Toco madera para que no deje de abrazarnos la lluvia mansa, el bosque de ciruelos, el camino de casa al río, la arena caliente, el árbol que da sombra, los colores del deseo, el trompo que hace feliz a un niño, la gente que escribe a la sombra de un árbol y que nos lee poemas desde un atril de madera.

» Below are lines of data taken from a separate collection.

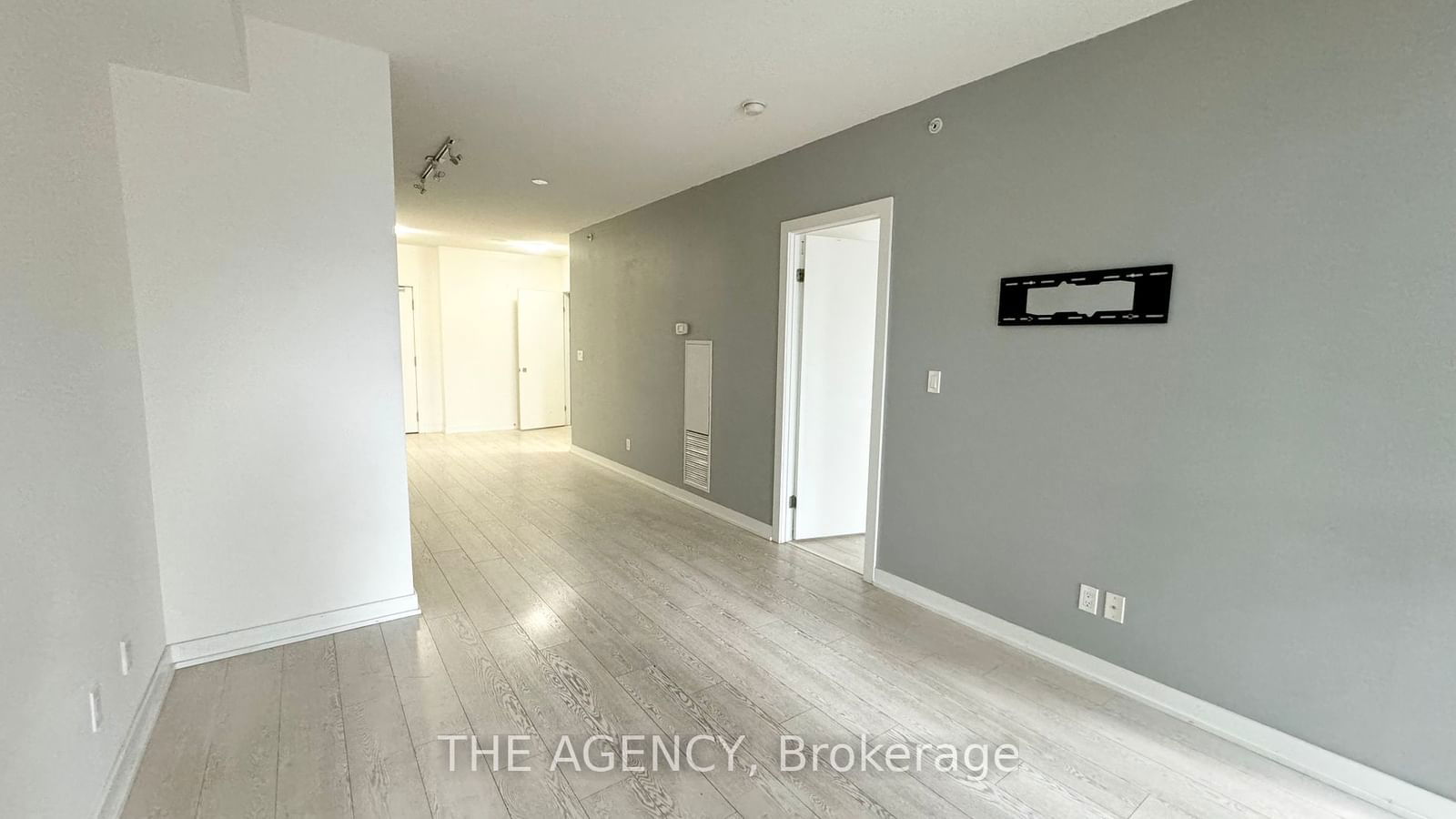 20 Bruyeres Mews S, unit 306 for rent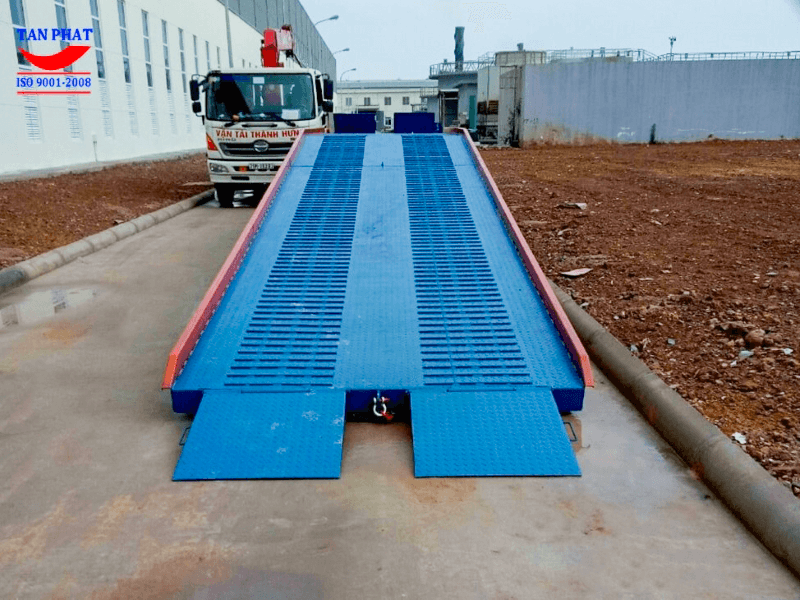 Cầu dẫn lên container được Tân Phát bàn giao tại Hải Hà, Quảng Ninh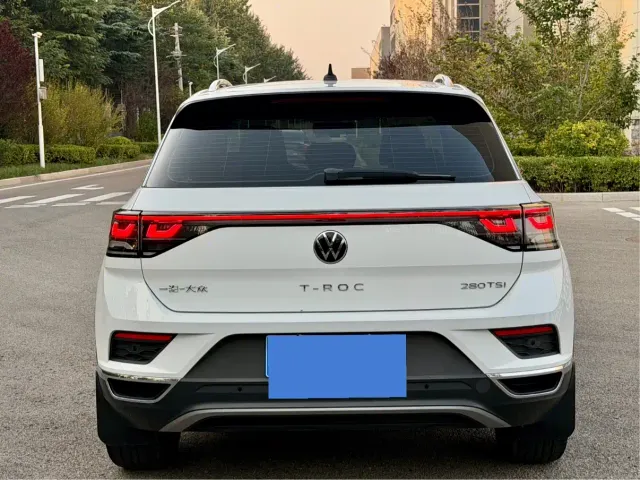 Volkswagen T-Roc — Фото автомобиля 15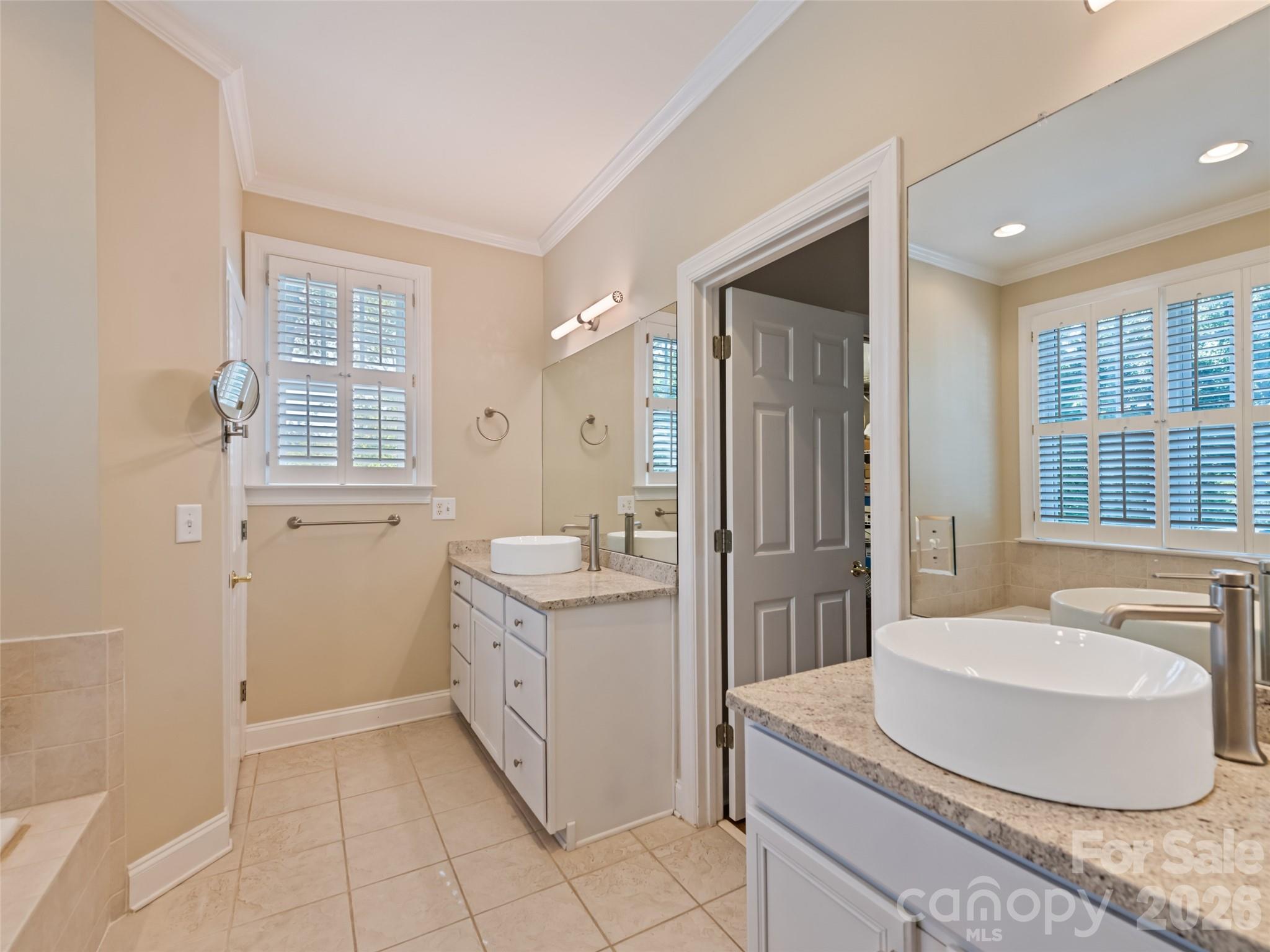 5 Split Creek Court — Mills River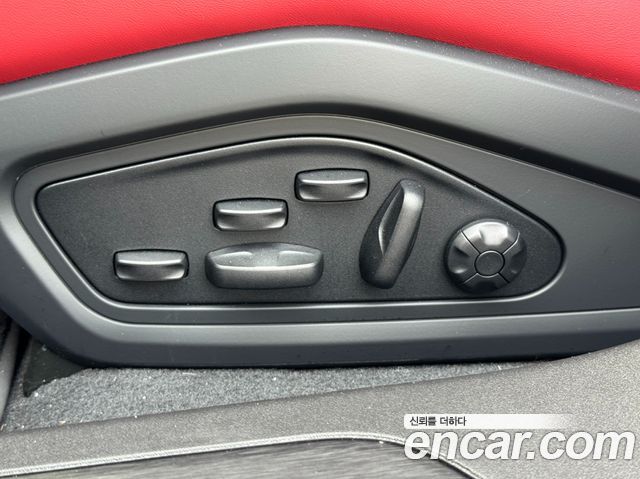 Porsche Taycan 2024 — photo 10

Y toco madera para que no haya bocas con hambre, bosques incendiados, jirones de piel lastimada, cabezas huecas como un tronco hueco, patadas voladoras, una cajón que es la cuna de un niño o que esconde el cuerpo de una mujer asesinada, gente que nos da miedo, gente que nos saca de quicio, gente que dice su precio en una servilleta, urdiendo una trama para cuyo conjuro deberíamos tocar todas las maderas de todos los árboles nobles del mundo.